Once more I found myself in a new VK SOTA association courtesy of work, and so I figured I’d take the opportunity between work finishing, and my flight out, to activate the closest summit to both, Mt Ainslie. I grabbed my 2m HT, a cheapy-Chinese Baofeng that is hardly used, deciding that carting the 857 up to Canberra for a day was abusing both the carry-on luggage limits and my tolerance for what I could carry around with me all day visiting customers. I emailed Andrew VK1NAM and Andrew VK1DA to see if there was a chance to catch up, and that quickly evolved into a VK1 SOTA dinner, with yours truly as some kind of guest of honour.
The day started early, with me catching the second flight to Canberra.
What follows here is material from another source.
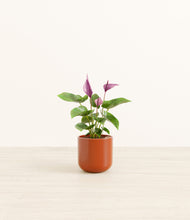 Load image into Gallery viewer, Glossy Red*****Profile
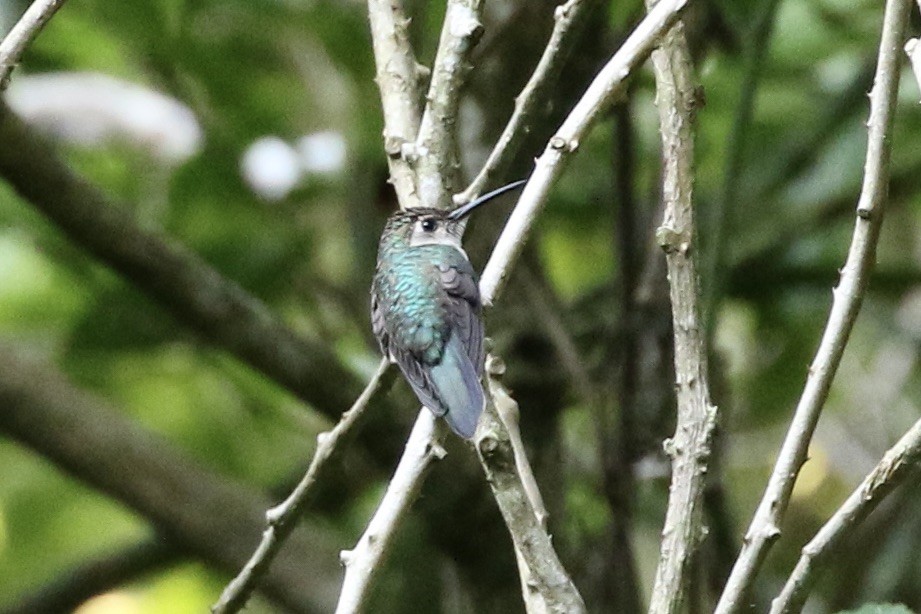 Wedge-tailed Sabrewing - ML568394411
The first flight of the morning was delayed due to fog, but the second, mine, took off on time, in the hope it would clear by the time we arrived. We were put into a holding pattern to the south of Canberra, giving me good views over the Snowy Mountains as we went round and around. After an hour or so of holding, the pilots were given permission to fly an approach, but with a diversion back to Melbourne if it wasn’t possible to land. We reached decision height and weren’t even in the fog by that stage (Canberra has a lower quality instrument landing system), so the pilots went missed approach, and we flew off back to Melbourne. As we turned, I had a clear view of Mt Ainslie, out of the fog, a thousand feet or so below me.
On our way back, the pilots told us the fog was forecast to remain for about 2 hours, which was perfect for a flight back to Melbourne, refuelling and a flight back. I got in about 3 and a half hours late, having flown to Canberra twice that day, and having already passed over the activation zone of the mountain I was due to activate!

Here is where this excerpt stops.